■ What you need to do:
Copying nothing before it, reproduce the line that holds "Jodi's Cat Care In Poway" and every line after it in the data, exactly.
##### Supplied information #####
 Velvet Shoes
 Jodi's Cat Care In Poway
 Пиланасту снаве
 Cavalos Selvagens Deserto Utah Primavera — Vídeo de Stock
#####
■ Your solution:
 Jodi's Cat Care In Poway
 Пиланасту снаве
 Cavalos Selvagens Deserto Utah Primavera — Vídeo de Stock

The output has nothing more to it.